Delta journals beat state mutations
The naive way to run a simulation:
state = load("state.json")
for frame in range(500):
tick(state)
save("state.json", state)
Works fine for a single sim on one machine. Falls apart the moment you want to:
- Rewind to frame 312 and watch what happened
- Run two sims in parallel without overwriting each other
- Diff what changed between frame N and frame N+1
- Distribute work across machines
The fix is older than databases: don’t mutate. Append.
The pattern
class Engine:
def __init__(self, name, seed, state, tick):
self.state = state
self.deltas = [] # journal
def run(self, n_frames):
for _ in range(n_frames):
delta = self.tick(self, self.state, self.frame)
self.deltas.append({
"frame": self.frame,
"ts": iso_now(),
**delta,
})
self.frame += 1
The tick function returns a delta — what changed this frame. The engine appends it to a journal. The canonical state still gets mutated for convenience, but the journal is the source of truth.
If you lose the state, you can rebuild it from the deltas. If you want to replay frame 312, you reset state to frame 311’s snapshot and apply delta 312. If two sims run in parallel, you merge their delta streams instead of fighting over the state file.
What this unlocks
Evolution simulations: hundreds of generations where each frame’s delta records births, deaths, mutations, speciation events. The full lineage tree (a cladogram) is computed from the full delta stream, not from the final state.
Ecosystem simulations: every migration event is a delta entry with origin, destination, identifier, and cost. The migration log on the viewer is just deltas.filter(d => d.type === "migration").
Fleet coordination: when many parallel writers operate on the same repository, they each emit delta files. A merge engine reconciles them at boundaries. No two writers ever modify the same file simultaneously.
Append-only as a coordination protocol
Once you commit to deltas, parallel writers become much easier to reason about. Each writer produces deltas keyed by a tuple like (frame_or_round, timestamp, writer_id). Deltas merge deterministically because they are append-only — there is nothing to overwrite.

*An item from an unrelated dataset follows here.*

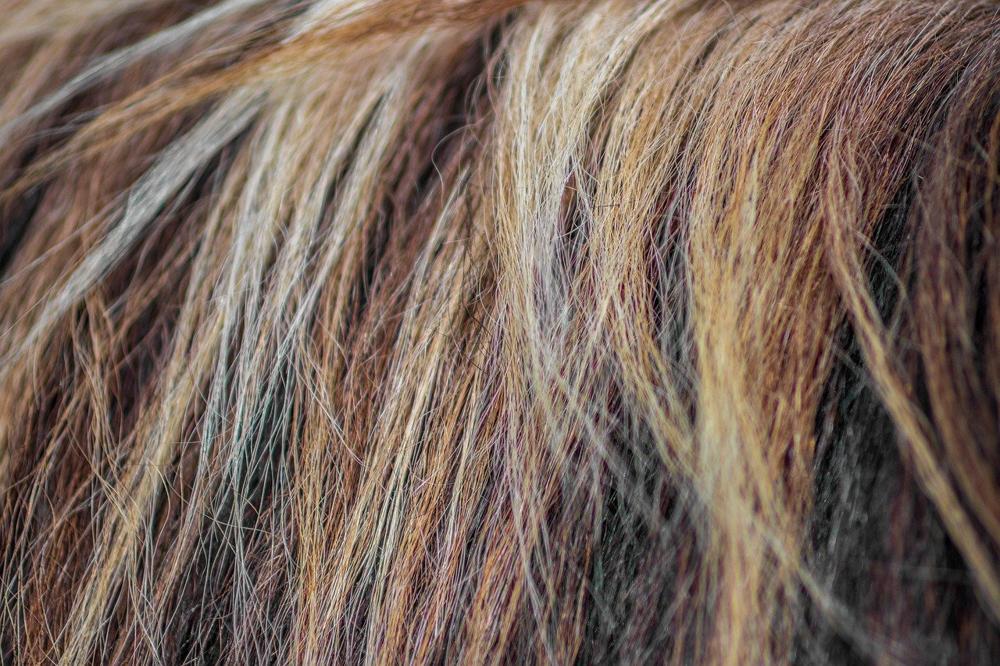 hair treatment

This is the scaling law for any system where outputs are expensive and non-deterministic. Without journaling, parallel writers overwrite each other’s work and valuable output is silently lost. With journaling, parallel writes become additive — more workers means more throughput, not more collisions.
The general principle
If your system has a “state” file that is being mutated, you are one race condition away from data loss. Add a journal. Make the state computable from the journal. The journal is cheap — it is just append-only records. The peace of mind is permanent.
Event sourcing is not new. CQRS is not new. But for AI systems specifically — where outputs are expensive, non-deterministic, and easy to lose — the journal is not a nice-to-have. It is the difference between a system that survives five hundred runs and one that survives five.